Ciclismo / Avis Bike Club Cingoli, la nuova presidente è Roberta Del Mastro

Succede a Primo Ciattaglia, presidente del sodalizio da 42 anni. Premiati gli atleti che si sono distinti nel 2024: l’Avisbiker dell’anno è Francesco Scortechini, seguito da Tobaldi e Ciriaci 

CINGOLI, 26 novembre 2024 – Roberta Del Mastro è la nuova presidente dell’Avis Bike Club Cingoli. La cena sociale di sabato scorso, 23 novembre, presso il Ristorante Dei Conti, è stata l’occasione per eleggere la nuova numero uno del sodalizio cingolano attivo soprattutto nella mountain bike. Succede a Primo Ciattaglia, che è stato presidente del gruppo sportivo da ben 42 anni. Nella serata, inoltre, sono stati premiati gli atleti che si sono distinti nel corso dell’anno 2024, tenendo alto l’onore del Club in giro per l’Italia.

I riconoscimenti

In particolare la classifica sociale è stata vinta da Francesco Scortechini, che si è portato a casa il titolo di Avisbiker 2024 e di miglior agonista MTB. Ha vinto, infatti, il campionato provinciale di Cross Country. Ha preceduto Fabrizio Tobaldi, secondo, e Matteo Ciriaci, terzo, il quale ha vinto due circuiti di gare (Bike Tour e Regionale Poin to Point). Il miglior agonista su strada, poi, è stato Roberto Belardinelli.

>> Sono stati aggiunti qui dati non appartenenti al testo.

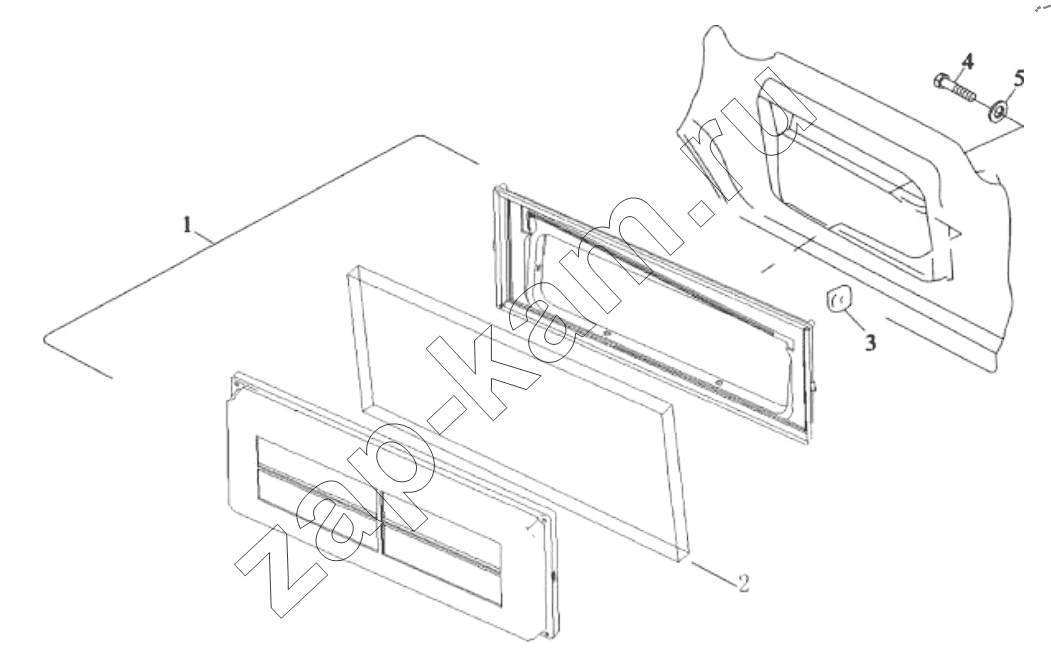 Схема/чертеж: AIR INTAKE BOX ON CAB / Shaanxi Shacman SX13164N456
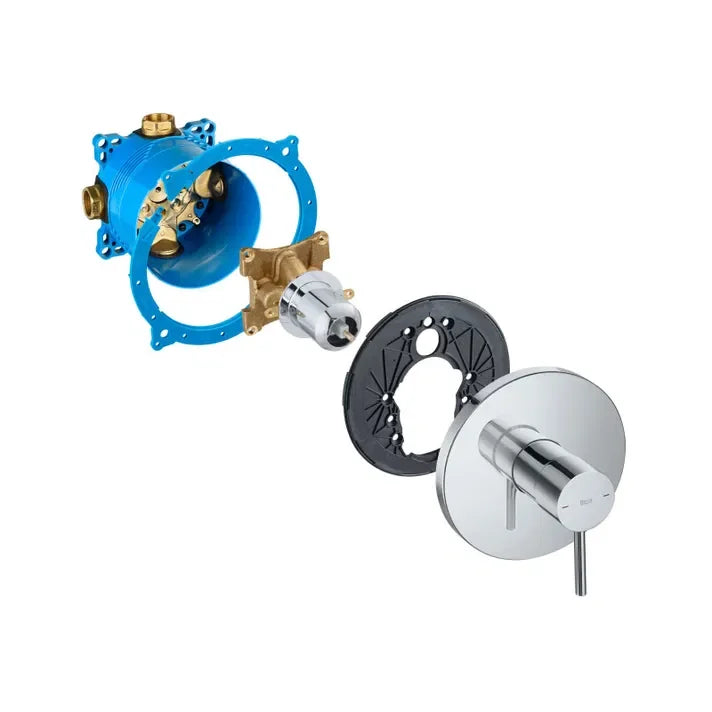 ROCA ONA A5A0B9EC00 Mezclador para baño-ducha empotrable de 16cm de diámetro en acabado cromado - MerkiMarket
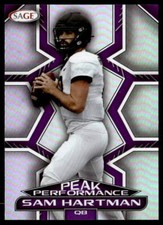 2024 SAGE HIT #PK-SH Sam Hartman Peak Performance Purple Notre Dame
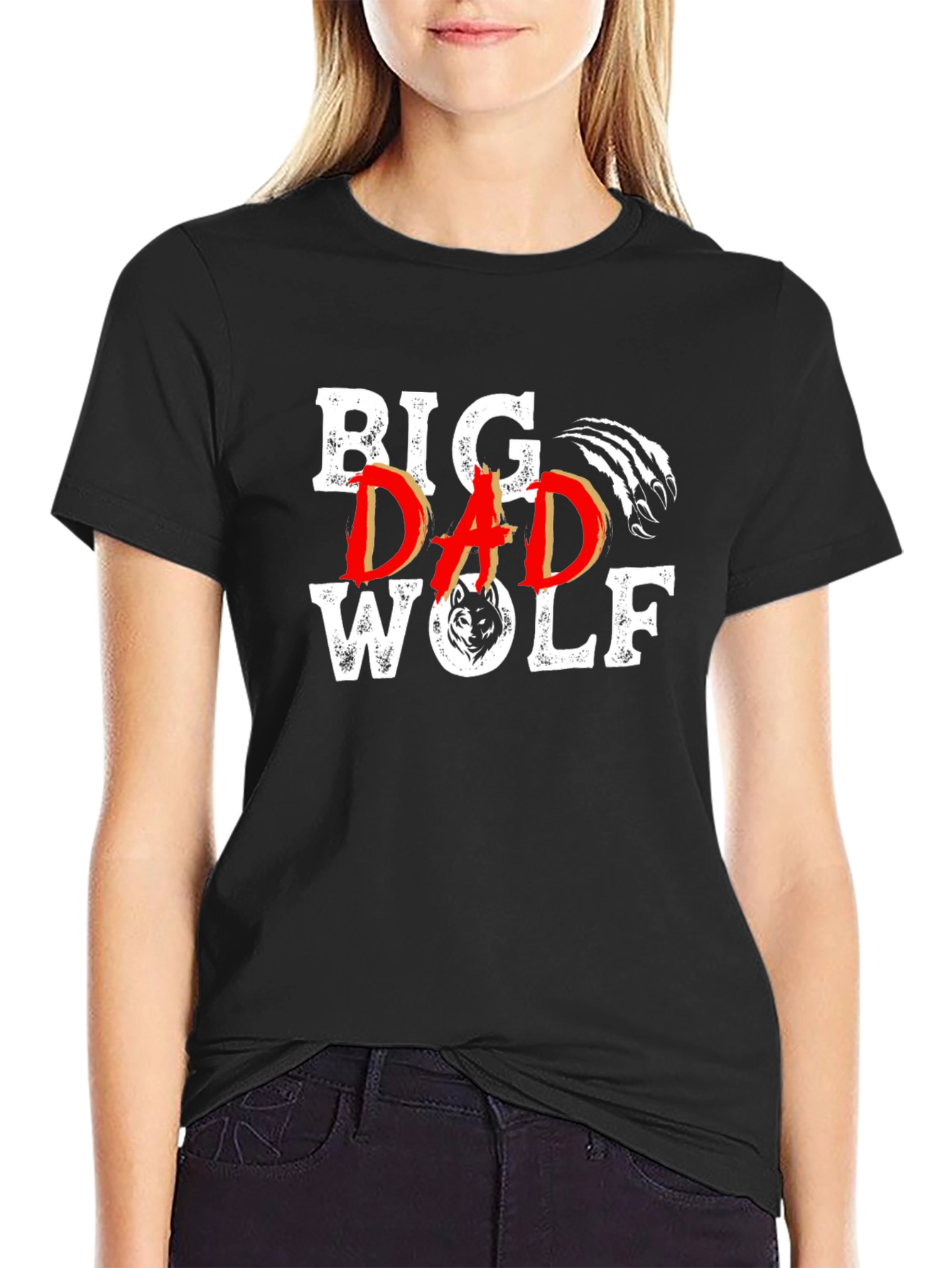 Big Dad Wolf Black Graphic Tee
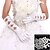 cheap Party Gloves-Spandex Elbow Length Glove Bridal Gloves / Party / Evening Gloves With Pearl / Ruffles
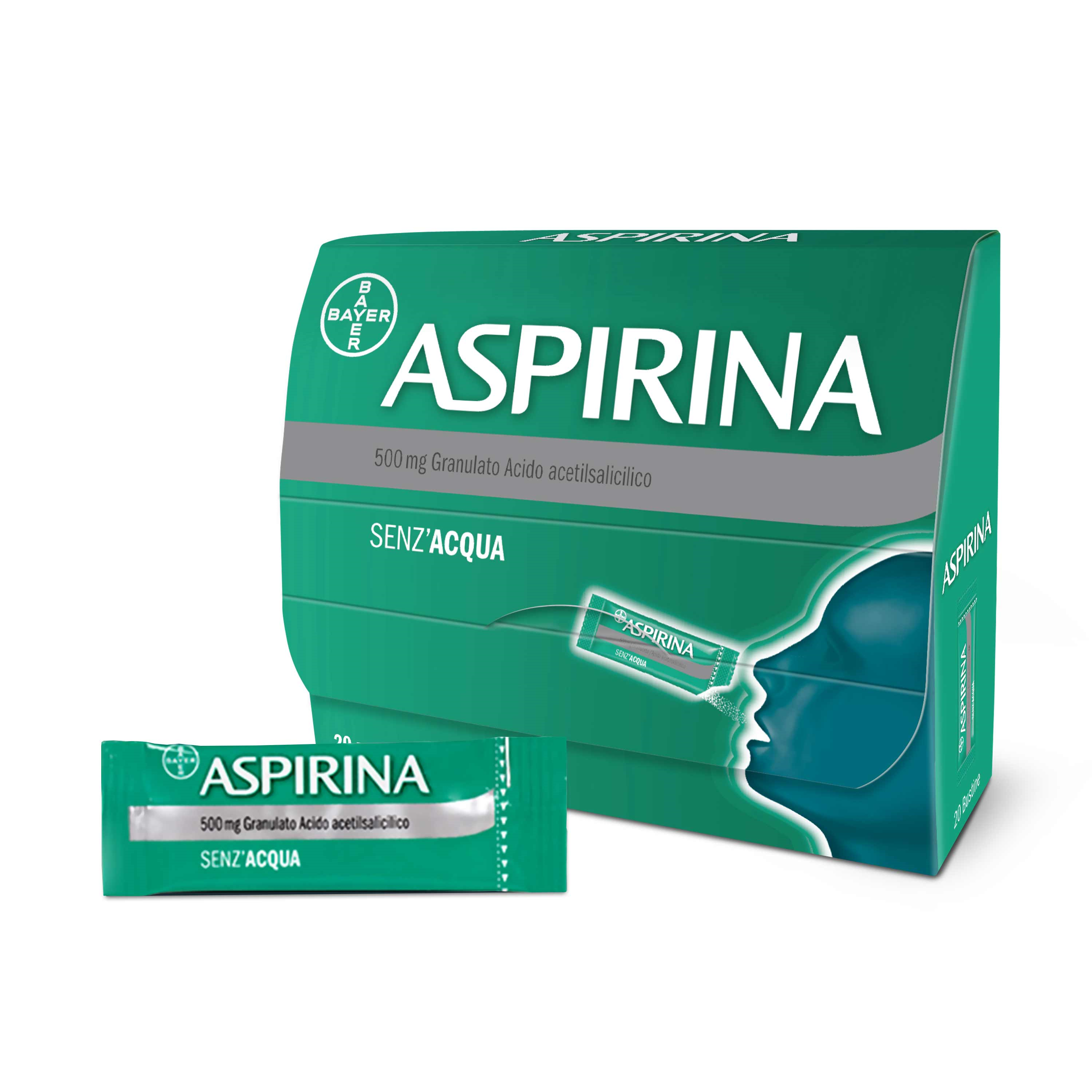 ASPIRINA*OS GRAT 20BUST 500MG - Farmacia Del Monaco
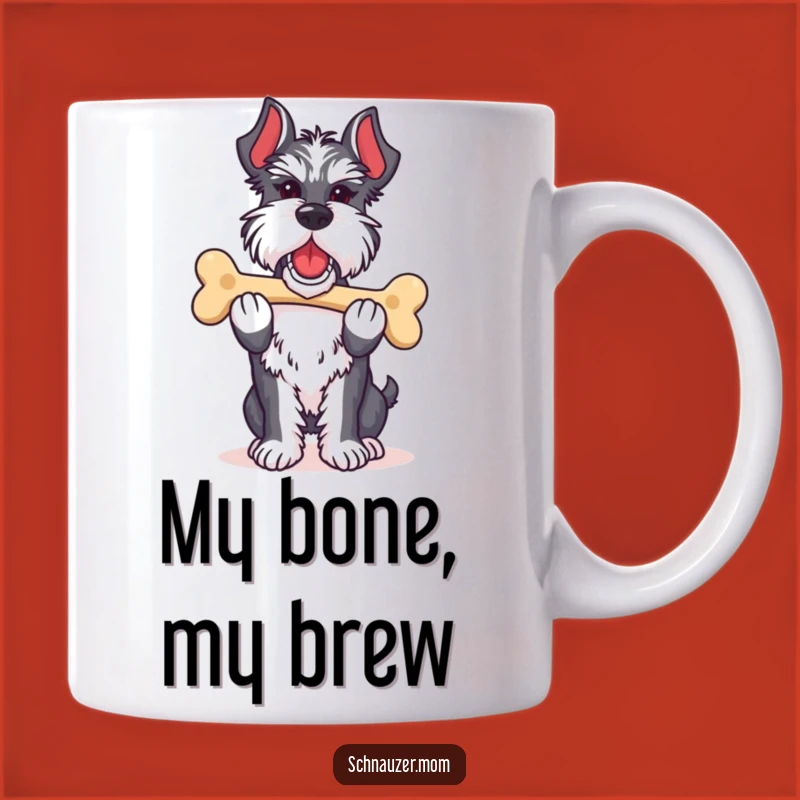 Funny Proud Schnauzer Lady Bone Mug: Prized Possession Canine Gift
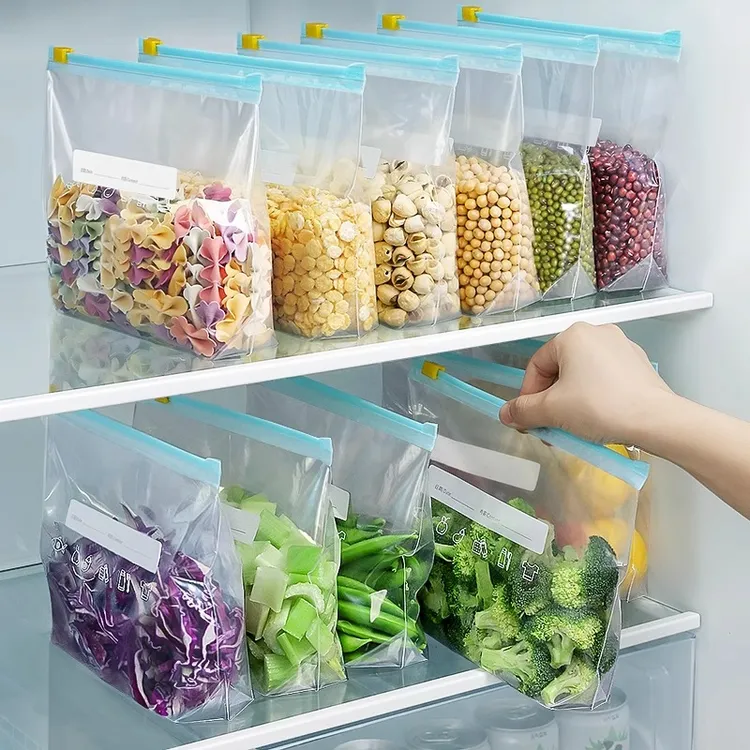 密封袋保鲜袋防潮封口袋加宽加厚冷冻冷藏收纳袋拉链式防串味家用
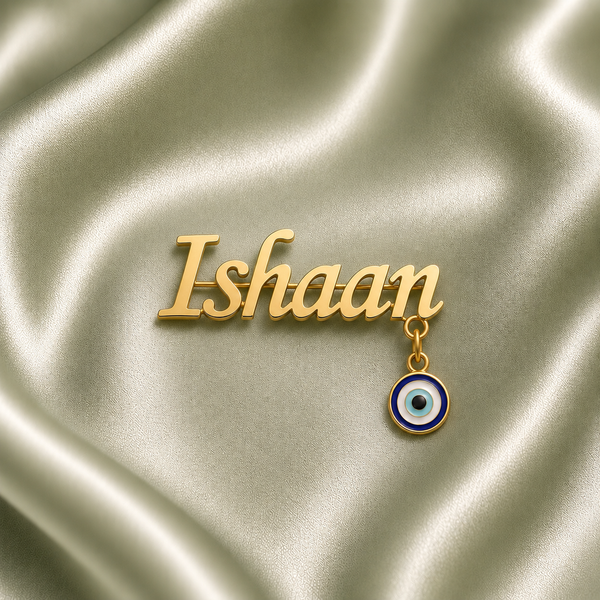 Personalized Silver Brooch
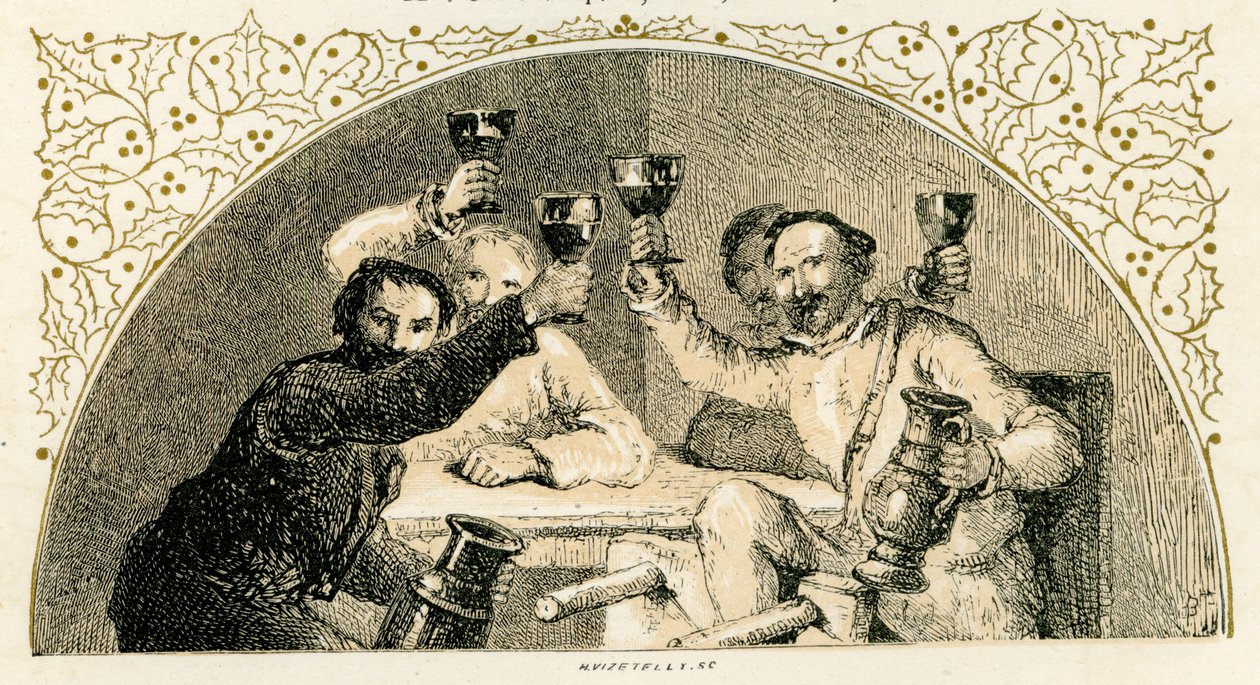 Kerstlied ter ere van bier door Myles Birket Foster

Sono stati premiati, inoltre, anche Barbara Gabrielli, campionessa provinciale di Cross Country, e Pierluigi Micheloni. Quest’ultimo ha effettuato una pedalata estrema tra tre dei luoghi per eccellenza della tradizione cattolica nei pellegrinaggi, ovvero Loreto, Lourdes e Fatima, percorrendo 3325 km in 24 giorni per 28.000 metri di dislivello. Presente a premiare gli atleti il sindaco di Cingoli, Michele Vittori: lui stesso è un socio del club ed è attivo soprattutto nella pedalata elettrica.

Il nuovo direttivo

Come detto, nel corso della cena sociale è stato rinnovato il consiglio direttivo. Su indicazione del presidente uscente Primo Ciattaglia e del consiglio uscente, è stata individuata come nuova presidente Roberta Del Mastro, già sua vice nel precedente mandato. Sarà affiancata dai consiglieri Primo Ciattaglia, Fabrizio Tobaldi, Gianluca Pacetti, Antonio Tortora, Roberto Belardinelli, Francesco Scortechini, Matteo Ciriaci e Cristiano Violini.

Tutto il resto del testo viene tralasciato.